>>>
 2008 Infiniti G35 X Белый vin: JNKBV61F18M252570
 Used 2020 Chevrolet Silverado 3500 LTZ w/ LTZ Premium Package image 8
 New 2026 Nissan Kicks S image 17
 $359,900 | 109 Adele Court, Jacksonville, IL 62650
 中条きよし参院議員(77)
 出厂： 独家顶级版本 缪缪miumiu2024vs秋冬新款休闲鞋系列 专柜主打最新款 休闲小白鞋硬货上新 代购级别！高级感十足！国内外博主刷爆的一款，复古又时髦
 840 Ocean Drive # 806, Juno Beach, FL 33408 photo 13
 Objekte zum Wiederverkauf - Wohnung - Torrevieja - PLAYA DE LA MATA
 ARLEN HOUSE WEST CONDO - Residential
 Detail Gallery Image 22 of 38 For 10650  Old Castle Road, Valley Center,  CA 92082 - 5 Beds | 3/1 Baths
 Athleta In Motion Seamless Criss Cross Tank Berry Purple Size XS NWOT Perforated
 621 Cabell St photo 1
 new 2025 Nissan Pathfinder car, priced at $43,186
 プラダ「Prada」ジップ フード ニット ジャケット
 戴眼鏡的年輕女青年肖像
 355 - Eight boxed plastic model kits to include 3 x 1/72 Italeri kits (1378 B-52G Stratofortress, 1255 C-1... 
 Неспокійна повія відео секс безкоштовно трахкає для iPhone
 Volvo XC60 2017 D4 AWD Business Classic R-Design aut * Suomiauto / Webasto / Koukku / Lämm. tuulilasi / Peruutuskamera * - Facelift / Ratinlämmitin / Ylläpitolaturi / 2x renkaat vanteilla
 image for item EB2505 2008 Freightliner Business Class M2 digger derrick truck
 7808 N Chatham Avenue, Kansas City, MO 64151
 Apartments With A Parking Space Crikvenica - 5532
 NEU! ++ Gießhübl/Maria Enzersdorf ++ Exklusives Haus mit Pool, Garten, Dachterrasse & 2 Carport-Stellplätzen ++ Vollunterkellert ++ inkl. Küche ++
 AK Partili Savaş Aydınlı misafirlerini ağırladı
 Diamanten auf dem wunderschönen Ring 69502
<<<
WORK ITEM: Restate the data above exactly, keeping each word as it stands.

SOLUTION FOR THIS TASK:
 2008 Infiniti G35 X Белый vin: JNKBV61F18M252570
 Used 2020 Chevrolet Silverado 3500 LTZ w/ LTZ Premium Package image 8
 New 2026 Nissan Kicks S image 17
 $359,900 | 109 Adele Court, Jacksonville, IL 62650
 中条きよし参院議員(77)
 出厂： 独家顶级版本 缪缪miumiu2024vs秋冬新款休闲鞋系列 专柜主打最新款 休闲小白鞋硬货上新 代购级别！高级感十足！国内外博主刷爆的一款，复古又时髦
 840 Ocean Drive # 806, Juno Beach, FL 33408 photo 13
 Objekte zum Wiederverkauf - Wohnung - Torrevieja - PLAYA DE LA MATA
 ARLEN HOUSE WEST CONDO - Residential
 Detail Gallery Image 22 of 38 For 10650  Old Castle Road, Valley Center,  CA 92082 - 5 Beds | 3/1 Baths
 Athleta In Motion Seamless Criss Cross Tank Berry Purple Size XS NWOT Perforated
 621 Cabell St photo 1
 new 2025 Nissan Pathfinder car, priced at $43,186
 プラダ「Prada」ジップ フード ニット ジャケット
 戴眼鏡的年輕女青年肖像
 355 - Eight boxed plastic model kits to include 3 x 1/72 Italeri kits (1378 B-52G Stratofortress, 1255 C-1... 
 Неспокійна повія відео секс безкоштовно трахкає для iPhone
 Volvo XC60 2017 D4 AWD Business Classic R-Design aut * Suomiauto / Webasto / Koukku / Lämm. tuulilasi / Peruutuskamera * - Facelift / Ratinlämmitin / Ylläpitolaturi / 2x renkaat vanteilla
 image for item EB2505 2008 Freightliner Business Class M2 digger derrick truck
 7808 N Chatham Avenue, Kansas City, MO 64151
 Apartments With A Parking Space Crikvenica - 5532
 NEU! ++ Gießhübl/Maria Enzersdorf ++ Exklusives Haus mit Pool, Garten, Dachterrasse & 2 Carport-Stellplätzen ++ Vollunterkellert ++ inkl. Küche ++
 AK Partili Savaş Aydınlı misafirlerini ağırladı
 Diamanten auf dem wunderschönen Ring 69502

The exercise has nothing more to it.